Activer les patients
“Il est important pour moi que mes patients puissent faire quelque chose par eux-mêmes, qu’ils aient des outils”, souligne le Dr Rittmeyer. “L’autogestion est le message clé. Ainsi, le patient passe à l’action et n’est plus impuissant face au mal de tête. Les points de déclenchement, par exemple, peuvent être facilement traités par l’utilisateur lui-même, par exemple à l’aide d’un rouleau de fascia (par exemple Blackroll®) ou d’une boule de fascia. En outre, les muscles de soutien de la colonne cervicale doivent être entraînés afin d’éviter une sollicitation excessive de certaines parties musculaires. Pour ce faire, il suffit d’effectuer des exercices faciles à réaliser, par exemple en allongeant le patient sur le dos ou sur le ventre et en soulevant lentement la tête. D’autres aides sont, entre autres, les coussins chauffants, les coussins de massage ou les coussins d’assise ergonomiques (p. ex. SISSEL®). Ces derniers aident les patients à modifier leur attitude pour qu’elle soit plus favorable à la santé. Le bruxisme, souvent associé aux céphalées et dont le stress est un des facteurs de risque [7], peut être combattu par un massage quotidien du visage (figure 2). Enfin, la conférencière insiste sur le fait qu’il faut éviter d’augmenter la prise de médicaments contre les maux de tête en raison du risque de MOH. Les antidépresseurs offrent des alternatives médicamenteuses, l’Anafranil® ayant particulièrement fait ses preuves selon l’intervenante.

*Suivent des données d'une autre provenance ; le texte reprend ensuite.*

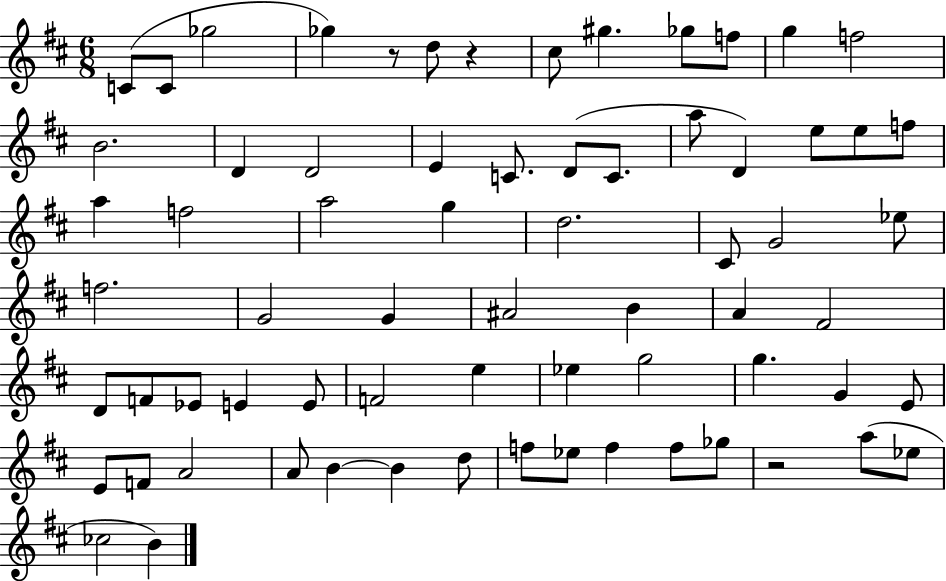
{
  \clef treble
  \numericTimeSignature
  \time 6/8
  \key d \major
  c'8( c'8 ges''2 | ges''4) r8 d''8 r4 | cis''8 gis''4. ges''8 f''8 | g''4 f''2 | \break b'2. | d'4 d'2 | e'4 c'8. d'8( c'8. | a''8 d'4) e''8 e''8 f''8 | \break a''4 f''2 | a''2 g''4 | d''2. | cis'8 g'2 ees''8 | \break f''2. | g'2 g'4 | ais'2 b'4 | a'4 fis'2 | \break d'8 f'8 ees'8 e'4 e'8 | f'2 e''4 | ees''4 g''2 | g''4. g'4 e'8 | \break e'8 f'8 a'2 | a'8 b'4~~ b'4 d''8 | f''8 ees''8 f''4 f''8 ges''8 | r2 a''8( ees''8 | \break ces''2 b'4) | \bar "|."
}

Source : Congrès d’automne de la SSAIM, 20-21 septembre 2018, Montreux
Littérature :
- Diener HC, et al. : Céphalées en cas de surconsommation de médicaments contre la douleur ou la migraine (Medication Overuse Headache = MOH), ligne directrice S1, 2018. Dans : Société allemande de neurologie : lignes directrices pour le diagnostic et le traitement en neurologie.
- Simons DG, Janet GT, Simons LS : Douleurs et dysfonctionnements myofasciaux : Le manuel des points de déclenchement Vol. 1 et 2, 2e édition. Baltimore : Williams & Wilkins, 1999.

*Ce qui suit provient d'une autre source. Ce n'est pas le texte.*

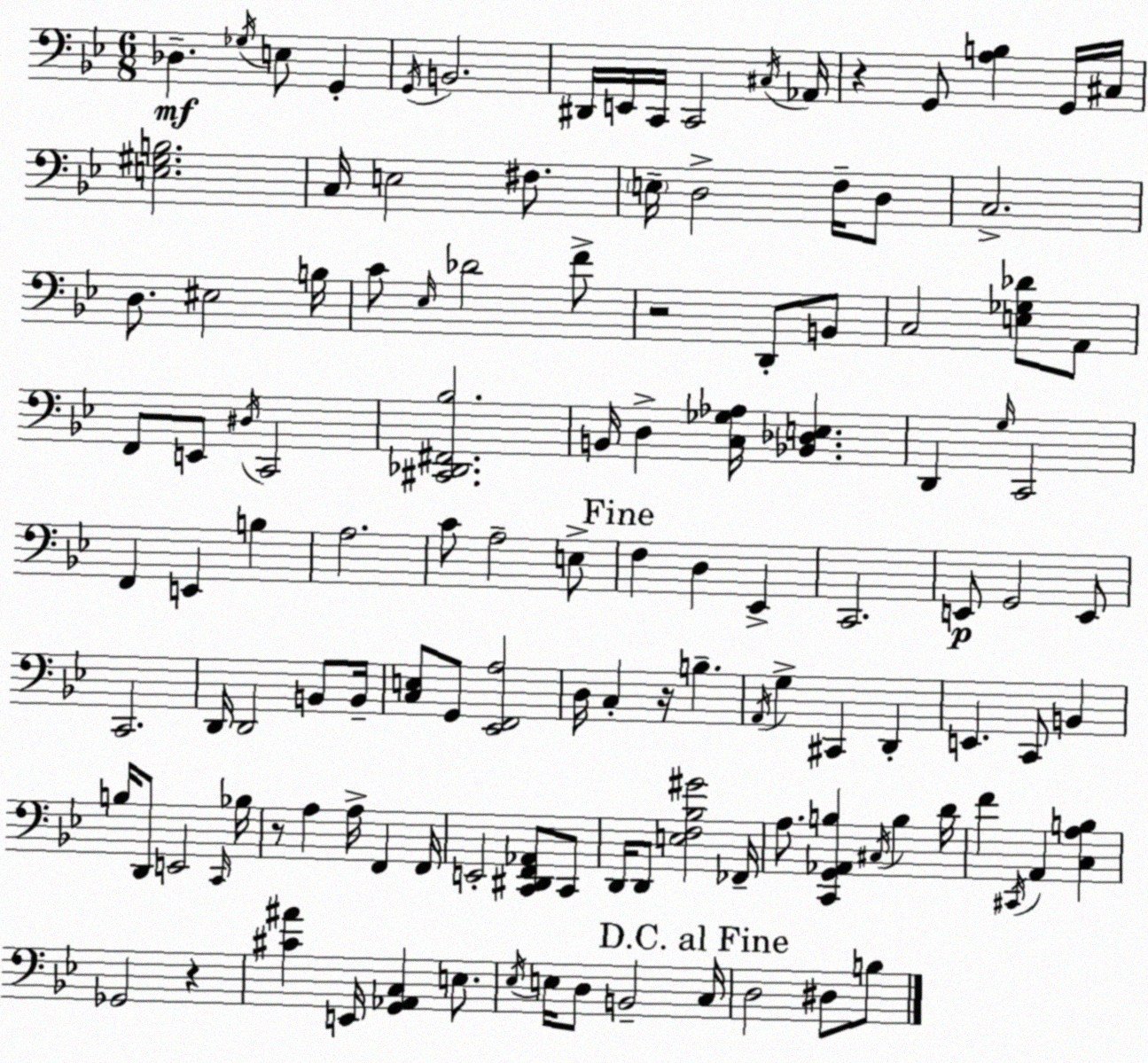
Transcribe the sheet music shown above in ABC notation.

X:1
T:Untitled
M:6/8
L:1/4
K:Gm
_D, _G,/4 E,/2 G,, G,,/4 B,,2 ^D,,/4 E,,/4 C,,/4 C,,2 ^C,/4 _A,,/4 z G,,/2 [A,B,] G,,/4 ^C,/4 [E,^G,B,]2 C,/4 E,2 ^F,/2 E,/4 D,2 F,/4 D,/2 C,2 D,/2 ^E,2 B,/4 C/2 _E,/4 _D2 F/2 z2 D,,/2 B,,/2 C,2 [E,_G,_D]/2 A,,/2 F,,/2 E,,/2 ^D,/4 C,,2 [^C,,_D,,^F,,_B,]2 B,,/4 D, [C,_G,_A,]/4 [_B,,_D,E,] D,, G,/4 C,,2 F,, E,, B, A,2 C/2 A,2 E,/2 F, D, _E,, C,,2 E,,/2 G,,2 E,,/2 C,,2 D,,/4 D,,2 B,,/2 B,,/4 [C,E,]/2 G,,/2 [_E,,F,,A,]2 D,/4 C, z/4 B, A,,/4 G, ^C,, D,, E,, C,,/2 B,, B,/4 D,,/2 E,,2 C,,/4 _B,/4 z/2 A, A,/4 F,, F,,/4 E,,2 [C,,^D,,F,,_A,,]/2 C,,/2 D,,/4 D,,/2 [E,F,_B,^G]2 _F,,/4 A,/2 [C,,G,,_A,,B,] ^C,/4 B, D/4 F ^C,,/4 A,, [C,A,B,] _G,,2 z [^C^A] E,,/4 [G,,_A,,C,] E,/2 _E,/4 E,/4 D,/2 B,,2 C,/4 D,2 ^D,/2 B,/2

- McNuthy WH, et al : Needle electromyographic evaluation of trigger point response to a psychological stressor. Psychophysiology 1994 ; 31 : 313-316.
- Lewis C, et al. : Needle trigger point and surface frontal EMG measurements of psychophysiological responses in tensiontype headache patients. Biofeedback & Self-Regulation 1994 ; 3 : 274-275.
- Linton SJ : A review of psychological risk factors in back and neck pain. Spine 2000 ; 25 : 1148-1156.
- Dommerholt J, Bron C, Franssen J : Trigger points myofasciaux. Revue fondée sur des données probantes. Thérapie manuelle 2011 ; 15 : 1-13.
- Ahlberg J, et al : Bruxisme rapporté et expérience de stress. Community Dent Oral Epidemiol 2002 ; 30 : 405-408.